Hold System, Redis Architecture & SSE Protocol

Overview

The hold system prevents double-booking by allowing clients to temporarily reserve ("hold") a timeslot before confirming. Holds are backed by Redis with TTL-based auto-expiry, and state changes are streamed to clients in real-time via Server-Sent Events (SSE). This document reflects the merged scheduling domain architecture used in the platform.

Hold Lifecycle

Client                          Redis                           Other Clients (via SSE)
  │                               │                               │
  │  POST /v1/holds               │                               │
  │  ─────────────────────►       │                               │
  │                               │                               │
  │  1. Check client quota        │                               │
  │     SCARD client:{cid}:holds  │                               │
  │                               │                               │
  │  2. Pick specialist by priority│                               │
  │     (availability.go logic)   │                               │
  │                               │                               │
  │  3. Atomic claim              │                               │
  │     SET hold:{atid}:{slot}:{spid}                             │
  │         value PX 30000 NX ───►│                               │
  │                               │  PUBLISH holds:events:{atid}  │
  │                               │  ─────────────────────────────►│  "hold" event
  │  4. Index by client           │                               │
  │     SADD client:{cid}:holds   │                               │
  │                               │                               │
  │  ◄──── { holdId, specialistId }│                              │
  │                               │                               │
  │  PATCH /v1/holds (heartbeat)  │                               │
  │  ─────────────────────►       │                               │
  │     PEXPIRE hold key + set    │  PUBLISH "heartbeat" event    │
  │  ◄──── { ok: true }          │  ─────────────────────────────►│
  │                               │                               │
  │  POST /v1/appointment-types/{id}/book                         │
  │  ─────────────────────►       │                               │
  │     DEL hold key              │  PUBLISH "confirm" event      │
  │     SREM from client set      │  ─────────────────────────────►│
  │     INSERT appointment into DB│                               │
  │  ◄──── { appointment }       │                               │
  │                               │                               │
  │       ── OR (no heartbeat) ── │                               │
  │                               │                               │
  │                 TTL expires ──►│                               │
  │                 Key auto-deleted                               │
  │                 (no event published on expiry)                 │

Redis Key Patterns

Hold Storage

Key:    hold:{appointmentTypeId}:{slotStartDate}:{specialistId}
Value:  JSON HoldPayload
TTL:    30 seconds (default), extended by heartbeat
Set:    NX (atomic, fails if already exists)

Example:

Key:    hold:550e8400-...:2025-03-15T09:00:00Z:770a1200-...
Value:  {"holdId":"abc123","clientId":"sess_xyz","appointmentTypeId":"550e8400-...","specialistId":"770a1200-...","slotStartDate":"2025-03-15T09:00:00Z","slotEndDate":"2025-03-15T09:30:00Z","holdExpiresAt":"2025-03-15T08:55:30Z"}
TTL:    30000ms

Client Hold Index

Key:    client:{clientId}:holds
Type:   SET of holdId strings
TTL:    Same as hold (re-set on each heartbeat)

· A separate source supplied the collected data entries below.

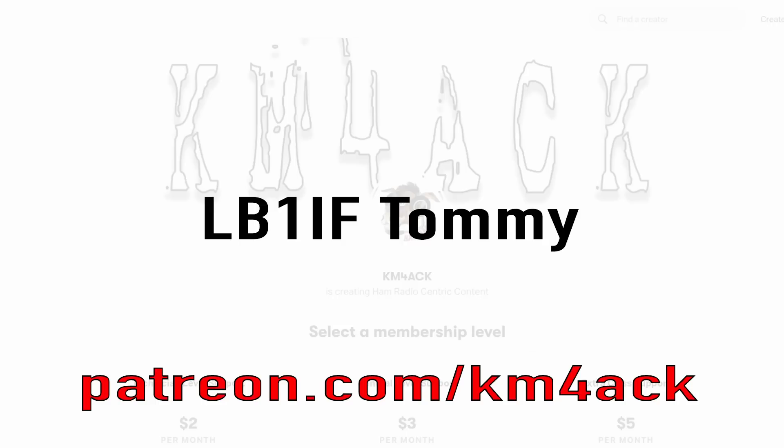Real quick, before we get going, I've got to give a shout out to my latest patrons over on Patreon. If you'd like to help support the channel, I'll leave a link to Patreon down in the description below.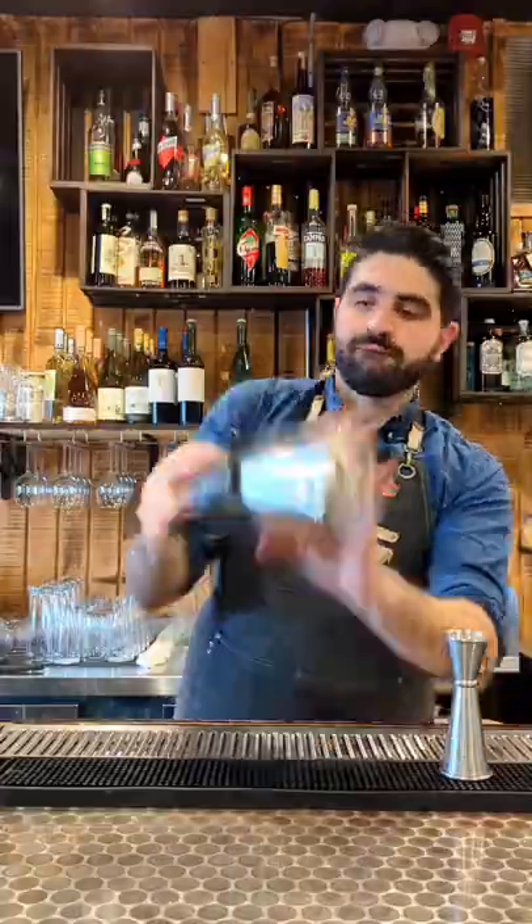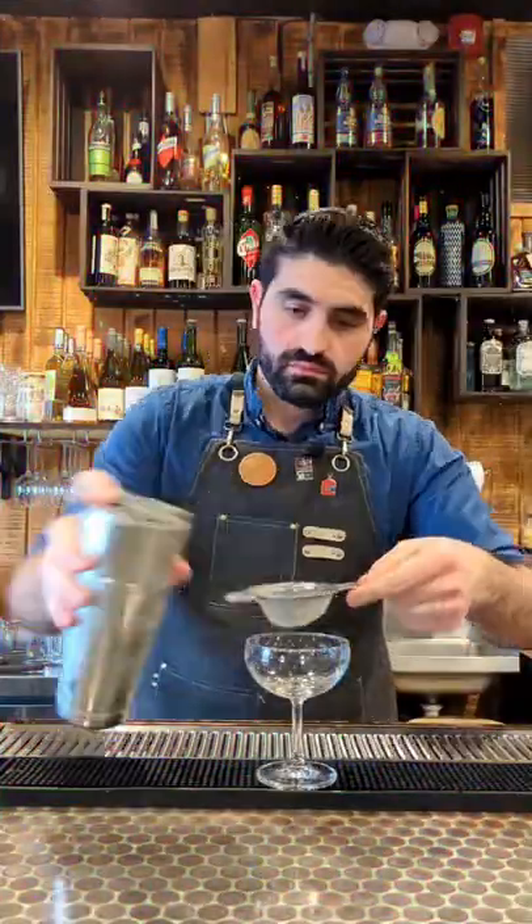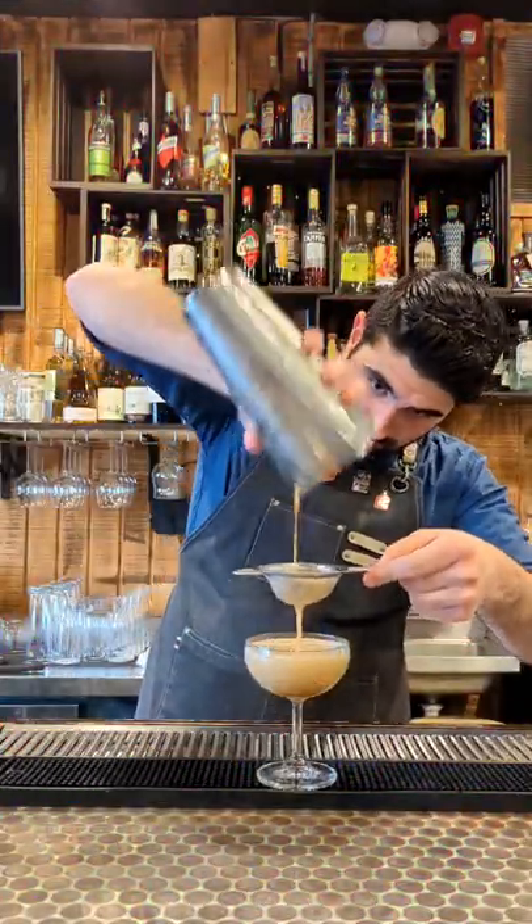We're then gonna add ice to our shaker tin, lock it up, shake it up, and then we're gonna strain it out into a chilled coupe, and that's it.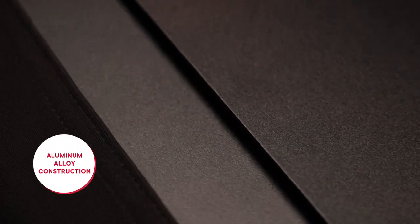The barn doors have a super durable construction of aluminum alloy and should be able to withstand the rigors of any fast-paced film set. And that's everything you need to know about the Nova P300C Barn Doors.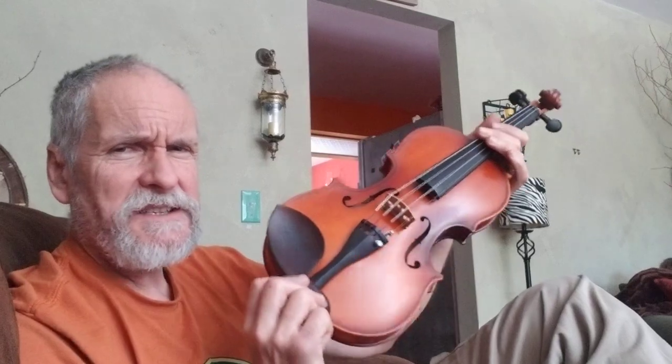I love this violin. This is fun. Have a good one and thank you for watching and putting up with me.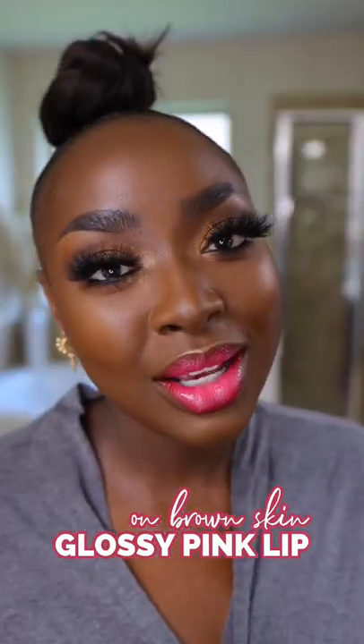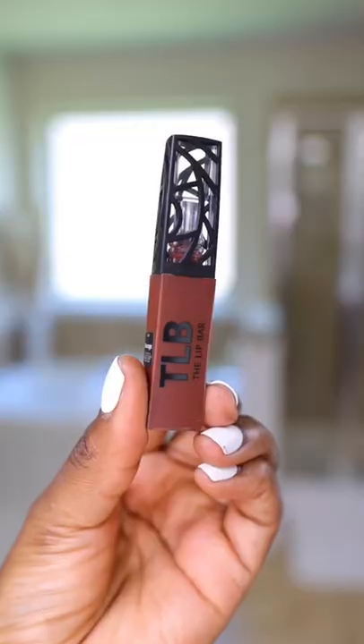Let me show you how to get this lip in three steps. First, I lined my lips with the Lip Bar Savage. You know already, I love this liquid lip — it just is perfect on brown skin.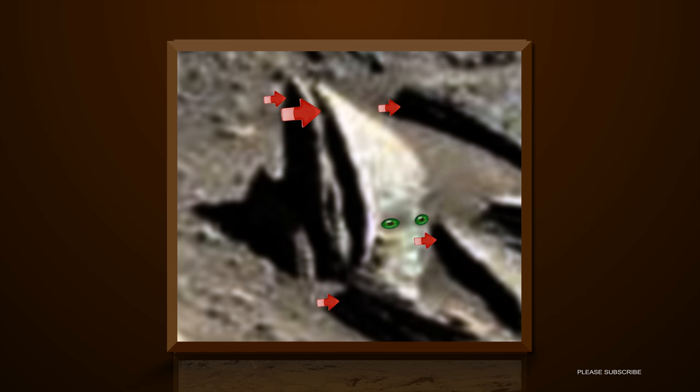NASA also creates fake shadows in their images, blacking out things like they do in top secret documents — as in this case, to create an illusion that this is two separate rocks.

Tracks which holds belong to a client. Same TTL ensures cleanup when holds expire.

Pub/Sub Channels

Channel:  holds:events:{appointmentTypeId}
Messages: JSON HoldEvent objects

All hold state changes are published here. SSE stream subscribers receive these events.

Timeslot Cache

Key:    timeslots:{appointmentTypeId}:{specialistId|pooled}
Value:  JSON timeslot response
TTL:    300 seconds (5 minutes, configurable)

Invalidated when appointments, weekly hours, or overrides change.

Rate Limiting

Key:    client_limit:{clientId}:{appointmentTypeId}
Value:  JSON { bookedAt, appointmentTypeId, cooldownMinutes, appointmentId }
TTL:    cooldownMinutes * 60 seconds

Hold Creation: Priority-Based Assignment with Retry

When a client requests a hold without specifying specialistId, the scheduling domain selects the best specialist automatically:

1. Get candidate specialists (available at this slot)
   └── For each specialist: check weekly hours, overrides, appointments

2. Filter by priority (highest wins)
   └── If multiple specialists share top priority → step 3

3. Deterministic tiebreak (FNV-1a hash)
   └── Hash seed = fnv1a32(appointmentTypeId + ":" + slotStartDate)
   └── Same slot always produces same ordering → consistent, unbiased

4. Attempt SET NX on the selected specialist
   └── Success → publish "hold" event, return
   └── Failure (already held) → add to exclusion set, go to step 2

5. Repeat until success or no candidates remain

Why retry? Between candidate discovery and SET NX, another client may have claimed the same specialist. The retry loop tries the next-best candidate without re-checking availability (it was just checked).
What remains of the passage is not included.